Now, for a hardware device like a CMOS image sensor, the most straighforward way to output this data is to interleave it:

y00 u00 y01 v00 y02 u01 y03 v01 ···

But for compression, its best to have values which will be similar as a block, so a planar format is more desirable as natural images have spatial coherance:

y00 y01 y02 y03 ··· u00 u01 ··· v00 v01 ···

So some reordering is required. And this reordering needs to happen for each frame from the sensor, so it best be fast. We’ll be using ARM NEON SIMD instructions to get the speed we need.

Implementation

/**
 * 
 * Convert YUYV to YUV420P
 *
 * YUYV is a packed format, where luma and chroma are interleaved, 8-bits per
 * pixel:
 *
 *     YUYVYUYV...
 *     YUYVYUYV...
 *     ...
 *
 * Color is subsampled horizontally.
 *
 *
 * YUV420 is a planar format, and the most common H.264 colorspace. For each
 * 2x2 square of pixels, there are 4 luma values and 2 chroma values. Each
 * value is 8-bits; however, there are 4*8 + 8 + 8 = 48 bits total for 4
 * pixels, so on average there are effectively 12-bits per pixel:
 *
 * YYYY...  U.U..   V.V..
 * YYYY...  .....   .....
 * YYYY...  U.U..   V.V..
 * YYYY...  .....   .....
 * .......  .....   .....
 *
 * Arguments:
 * y:      Pointer to planar destination buffer for luma.
 * yuyv:   Pointer to packed source buffer.
 * stride: Stride (in bytes) of source buffer.
 *
 * Copyright 2019 Chris Hiszpanski. All rights reserved.
 */

void yuyv_to_yuv420p(
    uint8_t *y, uint8_t *u, uint8_t *v,
    uint8_t *yuyv,
    int stride, int height
) {
    for (int row = 0; row < height; row += 2) {
        unpack_even(y, u, v, yuyv, stride);
        y    += stride / 2;
        u    += stride / 4;
        v    += stride / 4;
        yuyv += stride;

        unpack_odd(y, yuyv, stride);
        y    += stride / 2;
        yuyv += stride;
    }
}
        

Notice how odd and even rows are treated differently — since our eyes have more rods than cones, and thus have more luminance than color resolution, video frames allocate two times more space to luma than chroma.

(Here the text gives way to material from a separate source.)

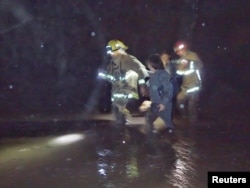 Emergency personnel rescue people from flood waters and debris after a mudslide in Montecito, California, U.S. in this photo provided by the Santa Barbara County Fire Department, Jan. 9, 2018.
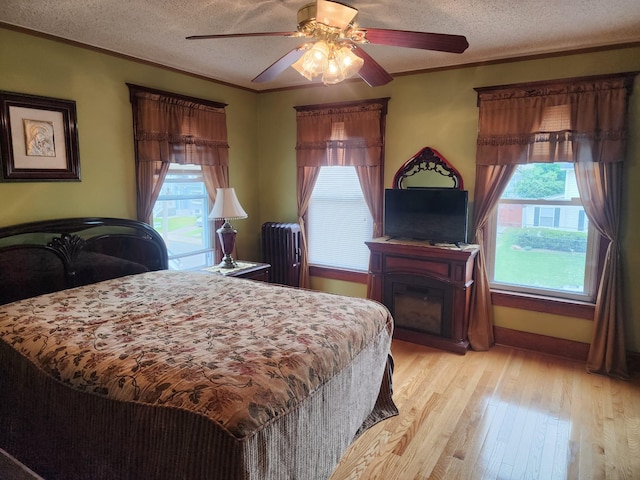 30 Royce Ave, Middletown, NY 10940 - bedroom with multiple windows, light wood-style floors, crown molding, a textured ceiling, and ceiling fan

Now for the good stuff. Here is an inline function using ARM NEON intrinsics to unpack odd numbered rows. Briefly, an intrinsic is a function which compiles to one or more specialized SIMD assembly instructions:

/**
 * 
 *  Unpack an odd row. Odd rows contain only luma.
 * 
 *  Arguments:
 *  y:      Pointer to planar destination buffer for luma.
 *  yuyv:   Pointer to packed source buffer.
 *  stride: Stride (in bytes) of source buffer.
 * 
 *  Copyright 2019 Chris Hiszpanski. All rights reserved.
 */

inline static void unpack_odd(uint8_t *y, uint8_t *yuyv, int stride) {
#if defined(__ARM_NEON)
    for (int i = 0; i < stride; i += 32) {
        vst1q_u8(y, vld2q_u8(yuyv).val[0]);

        yuyv += 32;
        y    += 16;
    }
#else
    for (int i = 0; i < stride; i += 4) {
        *y++ = *yuyv++;
        yuyv++;
        *y++ = *yuyv++;
        yuyv++;
    }
#endif
}
        

I’ll leave the even rows as an exercise to the reader.

Results

The results are encouraging. Running a test on the Google Coral EdgeTPU and using libx264 for H.264 baseline encoding, without NEON instrisics the frame rate topped out at ~5 frames/sec. This is on par with the frame rate achieved by ffmpeg. Repeating the test using NEON intrinsics, the frame rate topped out at over 27 frames/sec — real-time as the sensor outputs 25 frames/sec. Nearly a 6x speed up and the difference between a choppy and smooth video call.

However, this approach does suffer from heavy CPU usage. In a future post I’ll show how packed-to-planar conversion can be more efficiently achieved with an OpenGL ES 3.1 compute shader in the GPU.